Except that you're not.

A discussion of nature can never be dead. Information is still relevant even if it's 8 year old.
Common forum etiquette is in play here. An 8 year old thread's participants are usually long gone, and the thread is DEAD. If you want to have this discussion with the current forum participants, start a new thread and deliver your message.

Changing the size of the pupil doesn't change the size of the lens or focal length or magnification at all.
Nobody said it does, so you're just constructing a strawman with that statement.

Do you really think you can see further by making your hand scope like and put it in front of your eye? Definitely not, I tried.
Again, that's not what ANYBODY is saying. You don't actually know what DOF is, do you?

I would accept your point if you have any sort of proof. But varying pupil sizes just don't change the depth of field for me.
The pupil dilating has to change the DOF - it's simple optical physics, like it or not. It doesn't mean it gives you telescopic eyes (the argument you seem to be trying to strawman against), it means that DOF changes.

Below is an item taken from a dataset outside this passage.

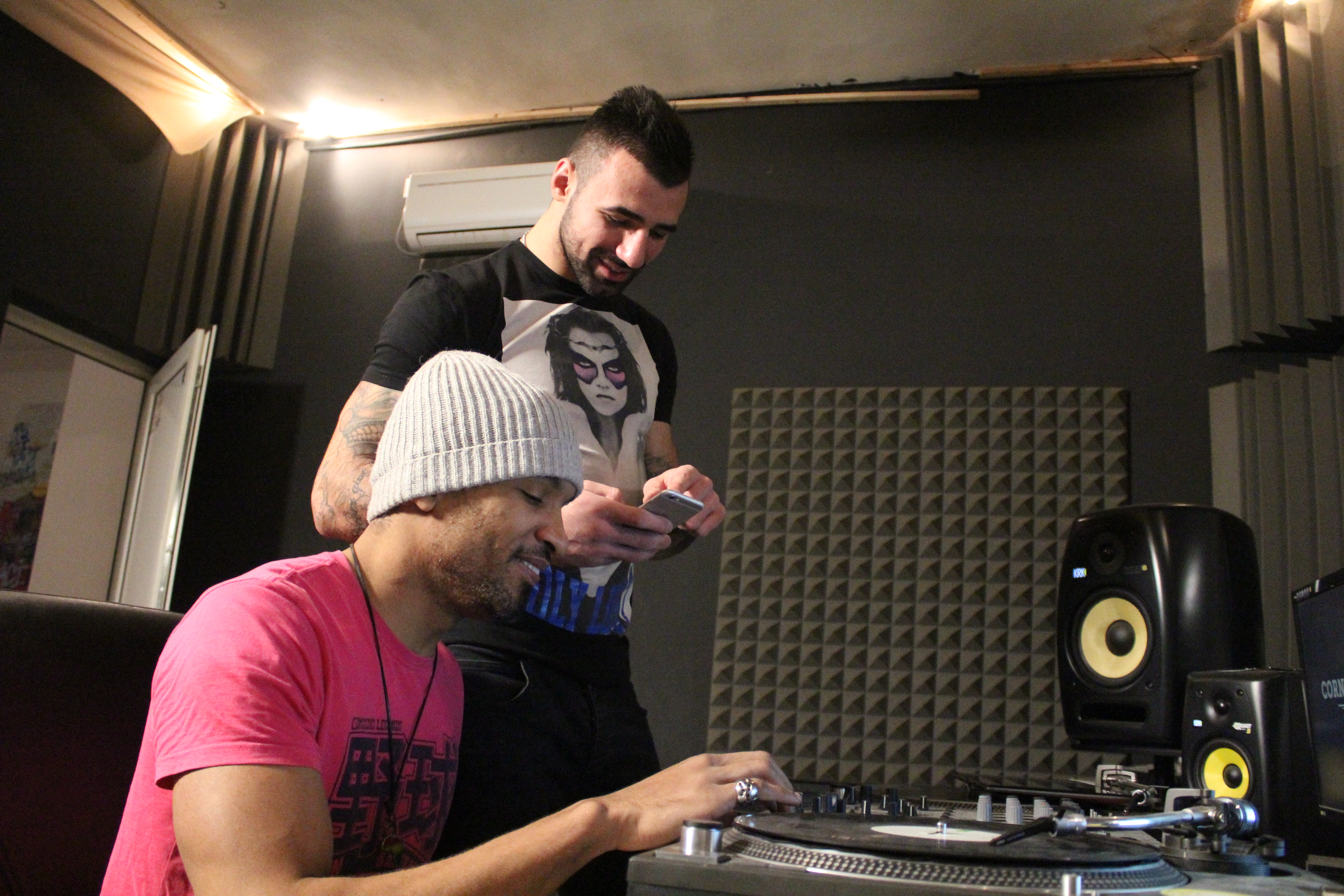 EXCLUSIV / Primiți cu colindul? Luptătorii Superkombat au intrat în studio! GALERIE FOTO&VIDEO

The human eye changing focal length by looking at something very close up vs. something very far away does it as well, just like a camera's lens does. When looking at something inches from our face, the DOF is very narrow, compared to looking at mountains far off in the distance, where the DOF is miles deep, not a few inches.
 
By the way, here's an experiment you can try that I learned as a kid who needed glasses at age 10: Put a pinhole in a piece of paper, then look through it - the whole world gets sharper. Guess why? Smaller aperture at the front of the eye causes a change in DOF, increasing it significantly.